I understand the discomfort. I understand it personally. I’ll never forget my seventh-grade Catholic school classroom when a sister who looked like she had jumped off an Aunt Jemima’s pancake box was pictured in the textbook and the nun looked at me, directly, before saying that enslavement “wasn’t that bad.” It might have been my mom’s eighth or ninth bus trip to the school to tell them about history. Uncomfortable? Tell me about it. For the next week or so, I was hazed by classmates who told me that I used to be a slave. No matter. I gave as good as I got, and the truth was that my foremothers and forefathers were enslaved. Nobody cared about my discomfort nor the distorted version of history my classmates and I were force-fed. And nobody cared that white children were also being fed a distortion that allowed them to feel superior to me and to incorporate racism into the way they saw the world.

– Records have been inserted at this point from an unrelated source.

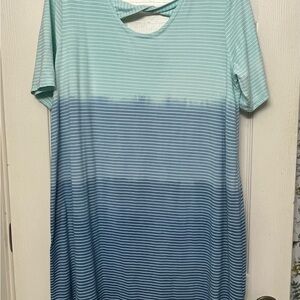 fresh produce Mint-to-Teal Ombre Striped Short Sleeve Tunic Dress
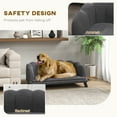 thumbnail image 4 of PawHut Pearl Design Pet Sofa for Medium and Large Sized Dogs, Pet Bed with Cushion and Solid Wood Legs, Charcoal Gray, 4 of 9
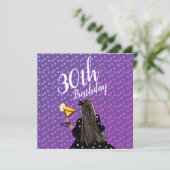 30e verjaardag Woman Cocktail Mode Beauty Kaart (Staand voorkant)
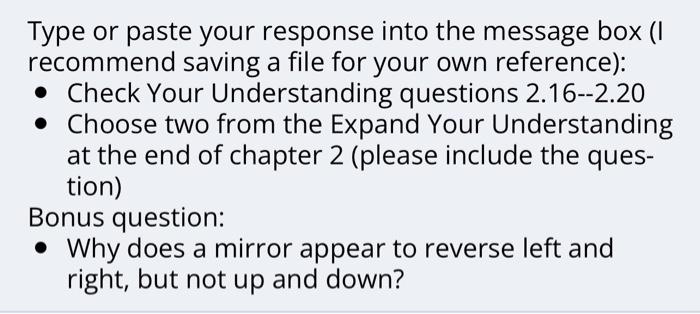 Type or paste your response into the message box (I | Chegg.com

So I have a message to those corporations who are doing these Black History Commemorations, ads and sales. Stop it! We ain’t stupid. We aren’t buying your stuff because you genuflected to a moment. If you are really about Black History, why not support Black people, on the real? Why not put your corporate weight into the fight for voting rights? Why not treat your employees fairly. We don’t need to see your ads, we need to see your action.
That’s the hard part, though. It means changing your mind and shifting your consciousness. It means understanding the way that racism is baked into the cake we call America. It means calling it out, it means investigating the many ways your corporation benefitted from racism. If you are an insurance company, did your company insure enslaved people? Did you pay when they were murdered because they were the property that you insured? If you are a bank, did you issue bonds to corrupt and vicious enslavers? What were the profits and how do they manifest to this day? If you don’t want to deal with these issues, perhaps you can hire a historian or empower your employees to go through your archives. Or do you think that these questions are going to go away.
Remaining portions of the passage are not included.